KU Director of Athletics Sheahon Zenger is out of a job, and the taxpayers of Kansas are out a caboodle of money, slightly north of $1.4 million to be more or less precise.

The announcement from Chancellor Douglas A. Girod was surprisingly blunt. “This morning I met with Sheahon and relieved him of his duties,” said Girod, sounding a bit like General U.S. Grant relieving Gen. Rosecrans after the botch at Chickamauga.

Zenger’s Chickamauga, KU football.

Zenger’s Chickamauga was KU football. Girod did not say as much, but he might as well have. “Progress in key areas has been elusive,” he said of the deposed director. “To achieve the level of success we need and expect, a change in leadership is necessary.” In that Zenger had two years left on his contract, KU had to pay him for those two years.

The proverbial handwriting had been on the wall for some time. A month ago, the Sentinel ran an article headlined, “Why Does Highest Paid State Employee Still Have a Job, Website Asks.”

“Dr. Zenger had nothing to do with Kansas basketball going to the Final Four in 2018,” claimed the website dedicated to saving Kansas football. “Kansas basketball has been on auto pilot under the direction of Coach (Bill) Self and the other six head coaches since 1898 at Kansas…The only thing that Dr. Zenger should take credit for is not ruining Kansas basketball, like he has Kansas football.”
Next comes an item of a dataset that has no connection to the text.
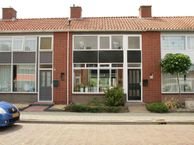v. Speykstraat 6, 9675 BX Winschoten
Zenger was hired to fix Kansas football and the program is “sinking like the Titanic,” the site insisted.

The team’s record since 2011 is 12-72, and the squad hasn’t competed in a bowl game since 2008. Attendance at football games has dropped from an average of 42,283 in 2011 to 26,641 in 2017.

“This is millions of revenue to the university that is being lost every year,” the website noted. “The city of Lawrence is also losing millions of dollars of commerce generated by those lost fans choosing to stay put at home.”

Today, the website greeted its readers with the joyful headline, “BREAKING NEWS. SHEAHON ZENGER FIRED!” A search is underway for a new athletic director. Here’s hoping that KU can find one for less than $700,000 a year.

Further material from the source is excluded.